No hike in price of milk, only additional cost for additional quantity: CM

Average procurement of milk by the Karnataka Milk Federation is up by about 15% when compared with the corresponding period last year

Published - June 25, 2024 10:26 pm IST - Bengaluru

The new prices were announced by the Karnataka Milk Federation on Tuesday.

The new prices were announced by the Karnataka Milk Federation on Tuesday. | Photo Credit: SUDHAKARA JAIN

Good monsoon and increased procurement price being passed on to dairy farmers have increased the average procurement of milk by the Karnataka Milk Federation (KMF) by about 15% when compared with the corresponding period last year.

While the average procurement of milk in Karnataka was around 90 lakh litres daily last year, it has increased to 99 lakh litres this year, Chief Minister Siddaramaiah pointed out in a statement on Tuesday in which he justified the additional 50 ml milk being supplied in Nandini packets at an additional cost of ₹2 saying that it was to protect the interests of the dairy farmers. The new prices were announced by the KMF on Tuesday.

‘Not turning back farmers’

“At no point, the village-level dairy societies should refuse to procure the milk brought by the farmer and increased quantity in milk packets is to protect the farmers’ interests. There has been no increase in the price of milk. But the additional cost is for the additional quantity of milk,” the Chief Minister clarified.

He said the KMF was already converting 30 lakh litres of milk into skimmed milk powder and producing about 250 tonnes daily. “The production is commensurate with the demand,” Mr. Siddaramaiah said.

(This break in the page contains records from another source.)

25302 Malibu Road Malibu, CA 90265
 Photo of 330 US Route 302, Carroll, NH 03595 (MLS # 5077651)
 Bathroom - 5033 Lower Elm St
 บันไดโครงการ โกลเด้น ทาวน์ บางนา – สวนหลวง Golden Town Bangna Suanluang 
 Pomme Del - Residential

The Chief Minister said that when the Congress government came to power in May 2023, an average 72 lakh litres of milk was being procured. “After the retail milk price increased by ₹3 a litre and the amount was passed on to farmers, dairy farming became profitable to farmers. Along with that, availability of green fodder due to good rainfall has resulted in the KMF’s procurement reaching almost one crore litre a day,” he said. The KMF has decided to pass on the additional milk to the consumer without adding much burden.

No distress sale

One other reason for milk procurement increasing in Karnataka since last year, despite drought prevailing in the State, has been attributed to a decrease in the distress sale of cattle. An official of the KMF recently said though the cattle sales had continued, it was more or less stabilised after the price hike. Cattle sales, especially in the Old Mysore region, had been attributed to high input cost and low returns.